Problem requirements:
Could you retype the material, starting at its first line and ending with the line holding "Photo 37 of Schipholstraat 7", and keep the pictures out?

Available data:
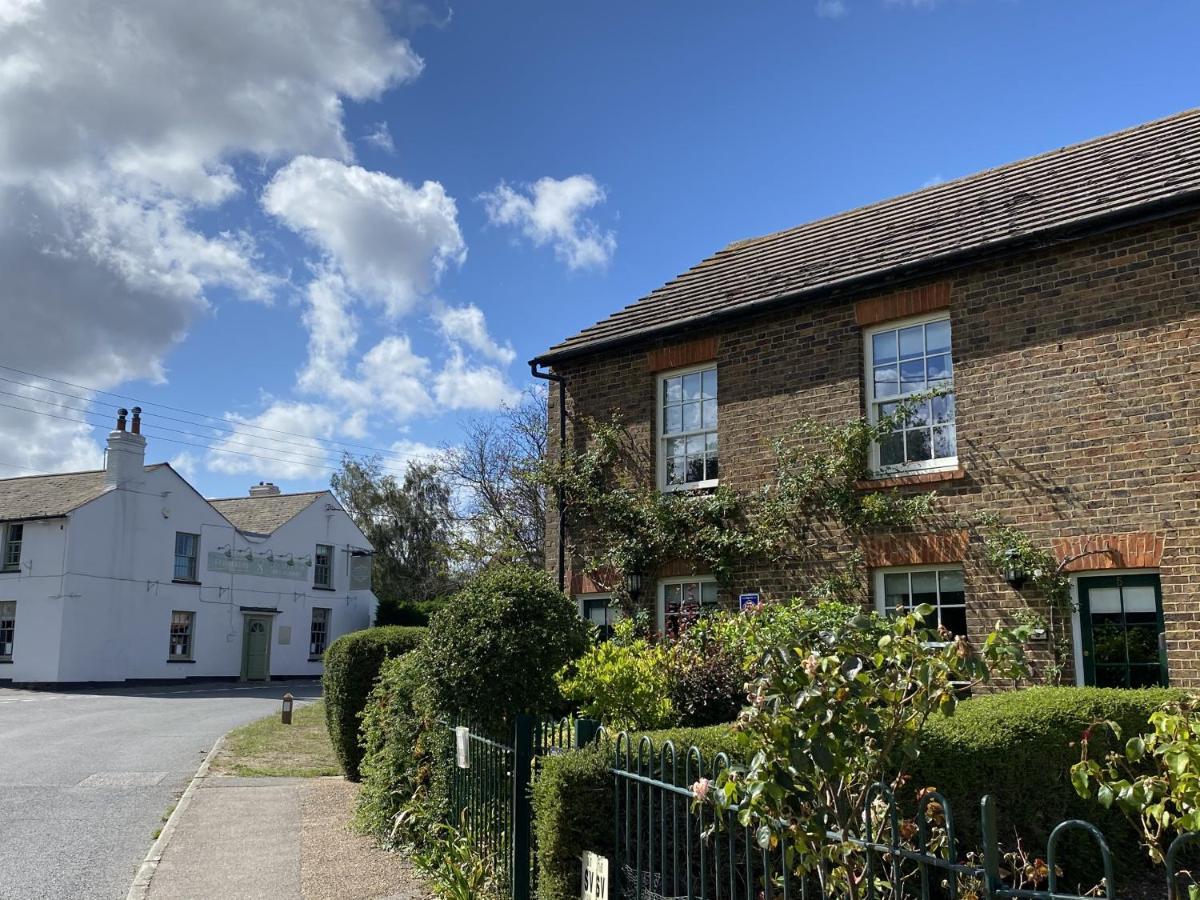 Green Cottages Sittingbourne Exterior photo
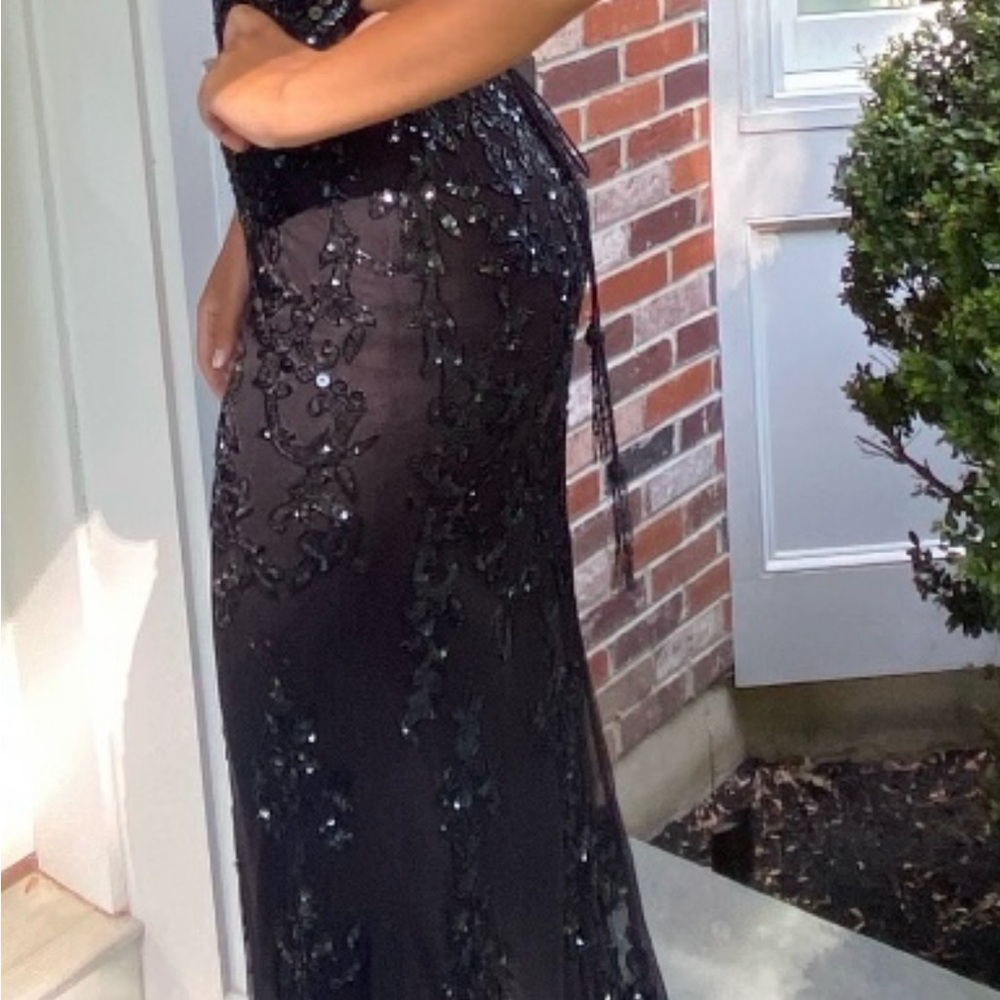 Sherrie Hill black Prom dress 54329 Beaded gown with deep 
V-neckline Sz2 Black - Picture 5 of 16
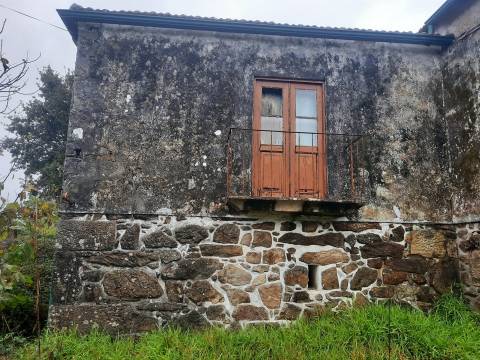 MORADIA PARA RESTAURAR EM  VILA NOVA DE CERVEIRA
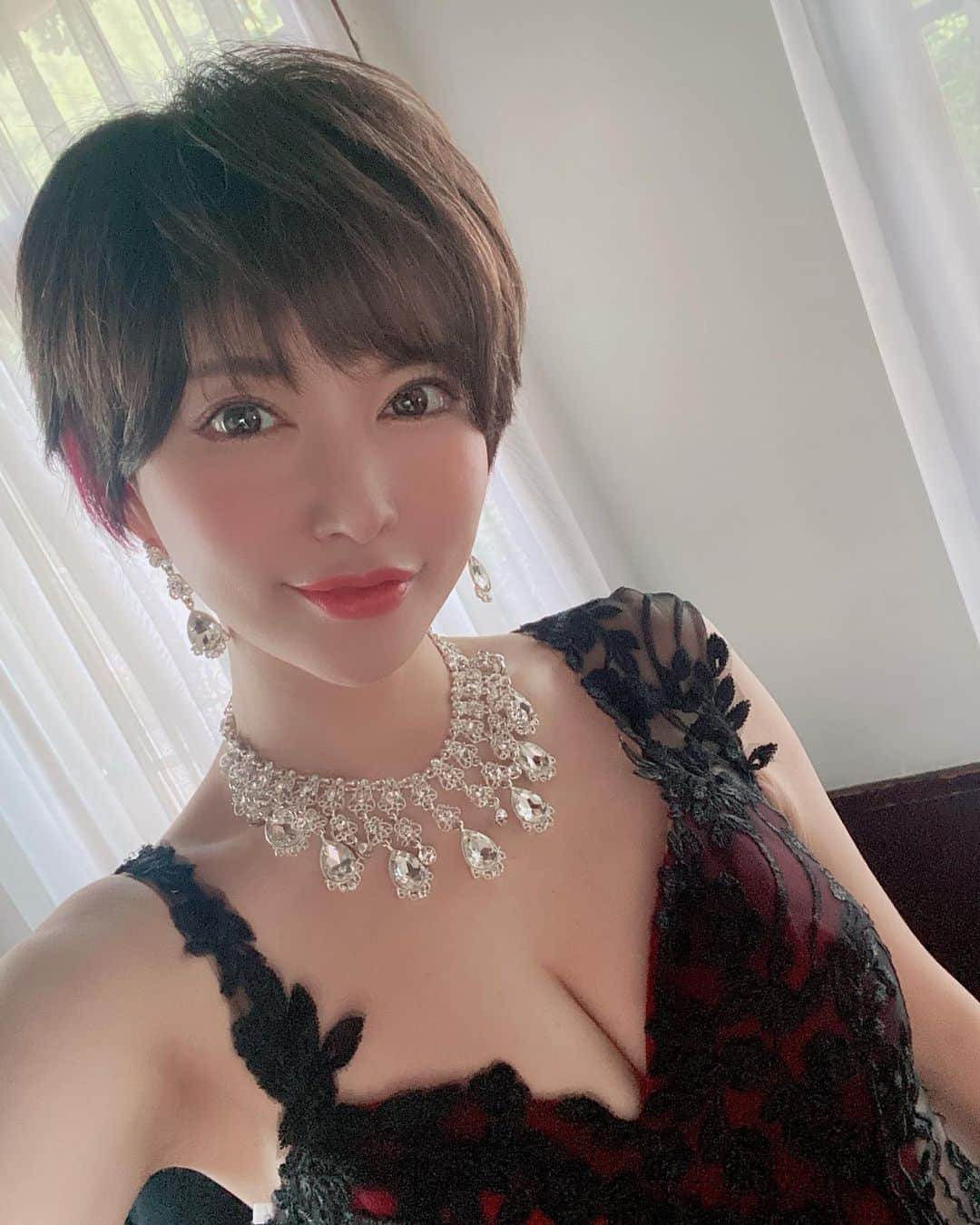 里美ゆりあのインスタグラム：「ゴージャス感✨⭐️  @maison_de_beaute_official   さんで撮影やインタビューして来たよ(^^)  チェックしてね💓  #撮影 #dress #dressup  #sexy」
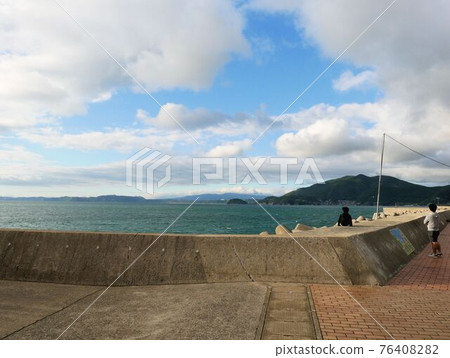 小濱港,男孩在橘灣看海(長崎縣島原半島大濱溫泉) 小濱港,男孩在橘灣看海(長崎縣島原半島大濱溫泉) 76408282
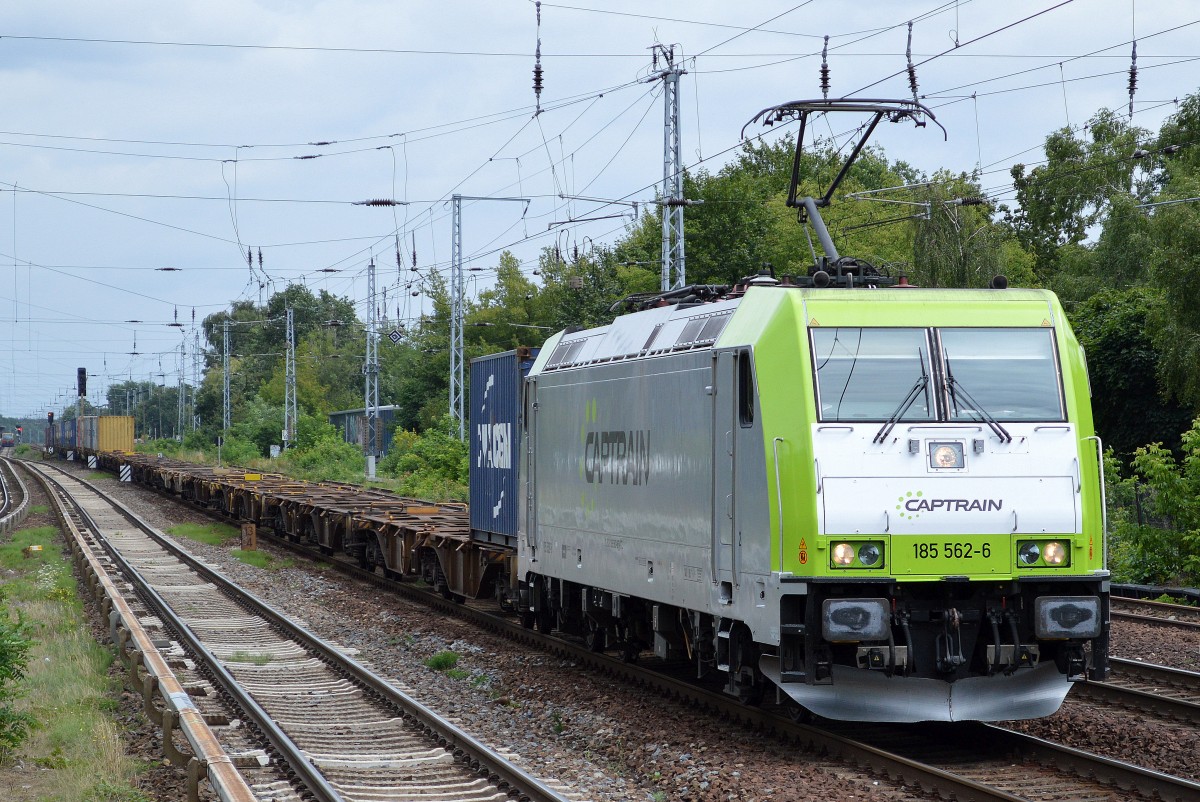 Captrain/ITL 185 562-6 mit einem nur sehr dürftig beladenem Containerzug am 28.07.15 Berlin-Hirschgarten.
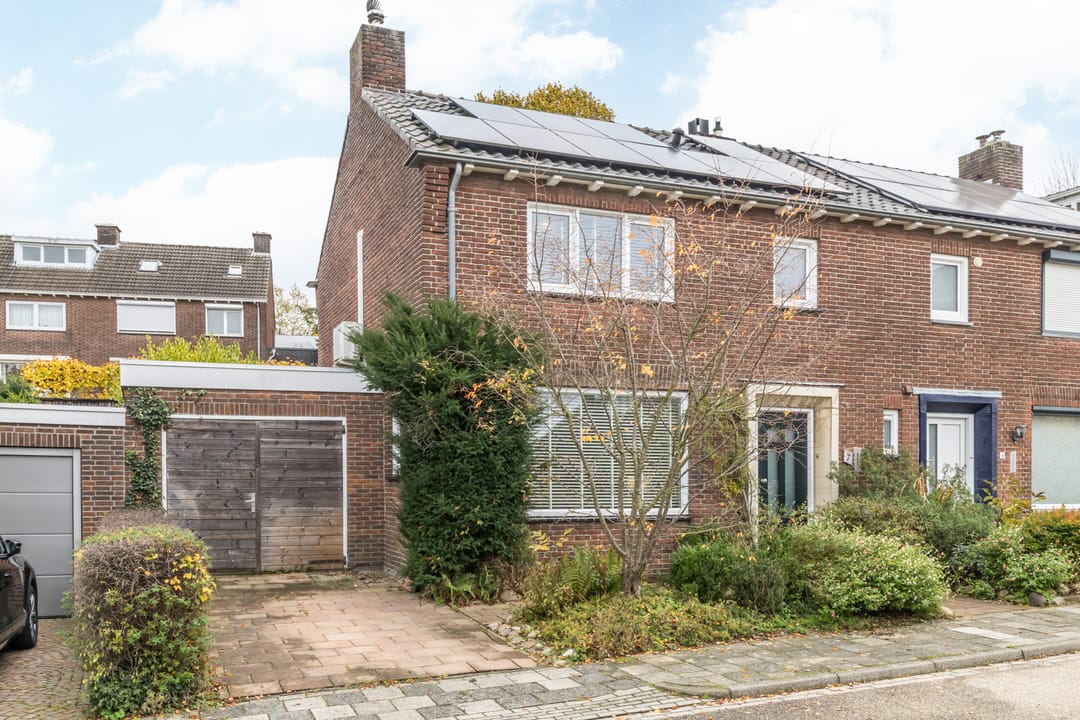 Photo 37 of Schipholstraat 7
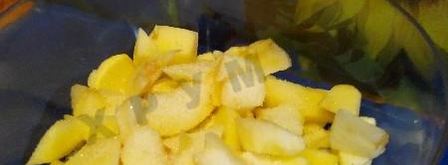 шарлотка с яблоками в мультиварке с манкой. Шаг 2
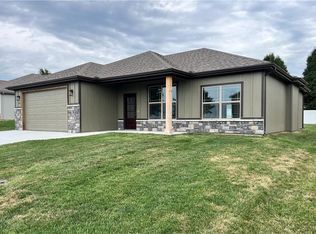 810 Timberline Dr, Cameron, MO 64429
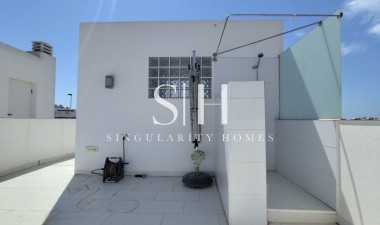 Återförsäljning - Corner townhouse - Torrevieja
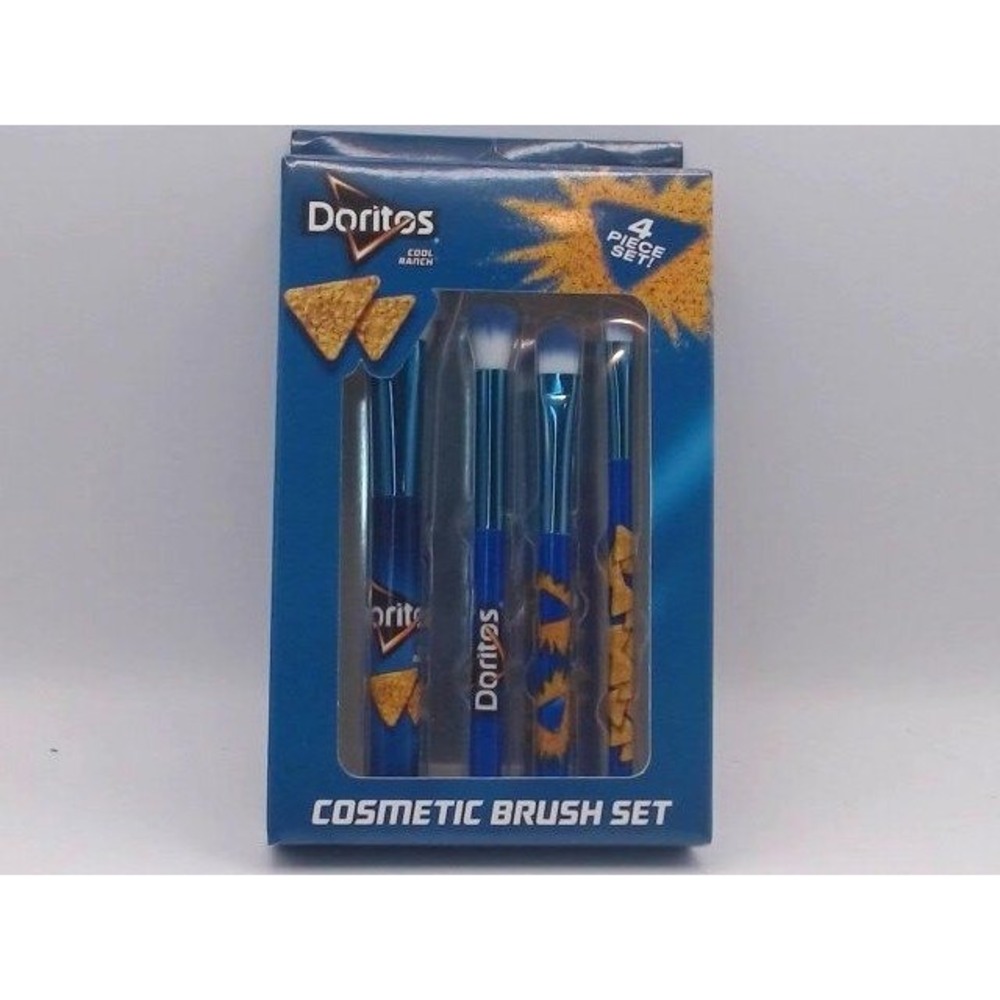 Doritos 4 piece Cosmetic Brush Set, BRAND NEW IN BOX‎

Response area:
 Green Cottages Sittingbourne Exterior photo
 Sherrie Hill black Prom dress 54329 Beaded gown with deep 
V-neckline Sz2 Black - Picture 5 of 16
 MORADIA PARA RESTAURAR EM  VILA NOVA DE CERVEIRA
 里美ゆりあのインスタグラム：「ゴージャス感✨⭐️  @maison_de_beaute_official   さんで撮影やインタビューして来たよ(^^)  チェックしてね💓  #撮影 #dress #dressup  #sexy」
 小濱港,男孩在橘灣看海(長崎縣島原半島大濱溫泉) 小濱港,男孩在橘灣看海(長崎縣島原半島大濱溫泉) 76408282
 Captrain/ITL 185 562-6 mit einem nur sehr dürftig beladenem Containerzug am 28.07.15 Berlin-Hirschgarten.
 Photo 37 of Schipholstraat 7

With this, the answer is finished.